It felt like the middle of the night. And I remember the words coming from the TV as we watched black & white static, “Tranquility Base here. The Eagle has landed.” Moon landing!
I was 8 years old. Not old enough to grasp the significance, but thank god old enough for it to be seared into my memory. I remember when we all gathered around the TV again 6 hours later to watch the first live transmission from the surface of the moon. I saw those weird, inflated moon boots of Neil Armstrong’s come bouncing down the ladder, and then I heard him say “that’s one small step for man…”
One Giant Leap
On 12 July 1962, President John Kennedy reiterated the vision…
We choose to go to the moon…
And we did.
By god, just over 7 years later we freaking did it.
I took it for granted because I was a child. I had no way to understand the miracle that these crazy amazing engineers had wrought.
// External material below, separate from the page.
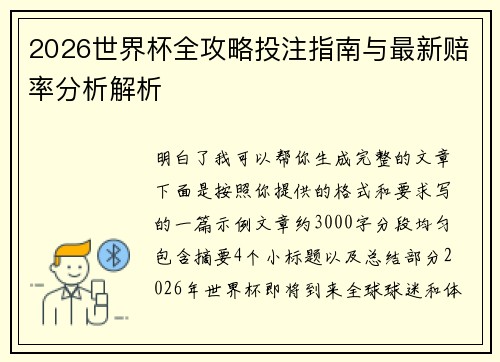 2026世界杯全攻略投注指南与最新赔率分析解析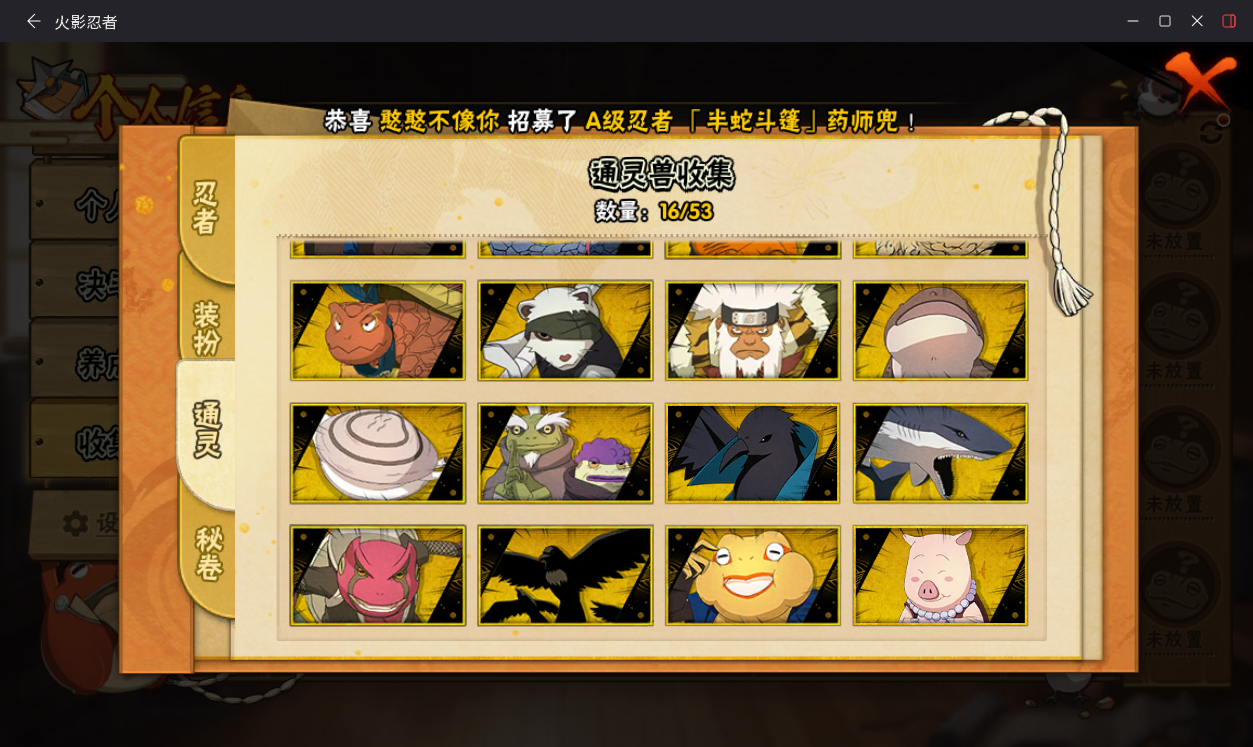 HYCMW418294火影忍者账号详情图10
It was common as cars and radios to me.
And for the next five years of my life, my country kept blasting rockets into space and sending men to the moon and back.
Then we just… stopped.
The War That Killed The Dream
Vietnam destroyed the morale of the country, rotting us from the inside out. We were no longer willing to waste money on wars half a world away nor on worlds half a solar system away.
And so we just stopped.
We didn’t just stop shooting rockets to the moon; we stopped dreaming and stopped believing in ourselves.
I would never have imagined, let alone believed, that an entire generation of children after me would grow up without a space program.
We were unique, me and my fellow late-baby-boomers who were children during the space race. We remember a time when we knew how to put a man on the moon and bring him back again; when we knew no limits except our imaginations.
That is perhaps the most terrifying cost of endless, ceaseless war: the destruction of our children’s imaginations.
I know that some people believe it is foolish as well as naive to imagine a world without war, because we have always been at war.
But I cannot stop imagining it.
I cannot help but wonder what we might have done if all the money wasted on bombing brown people was instead wasted on blasting rockets to the stars.
What might we have done?
What dreams might we have inspired?
Imagine Something Better Than Paradise
Today, we have hundreds of thousands of young brown men who believe a medieval myth about a wrathful god named Allah and who dream of nothing more exciting than blowing themselves to bits so they can enjoy the attentions of young virgins in some imaginary paradise.
If only they could imagine a different future, one where they are alive. I wonder what imaginations, what dreams die at the hands of the suiciders?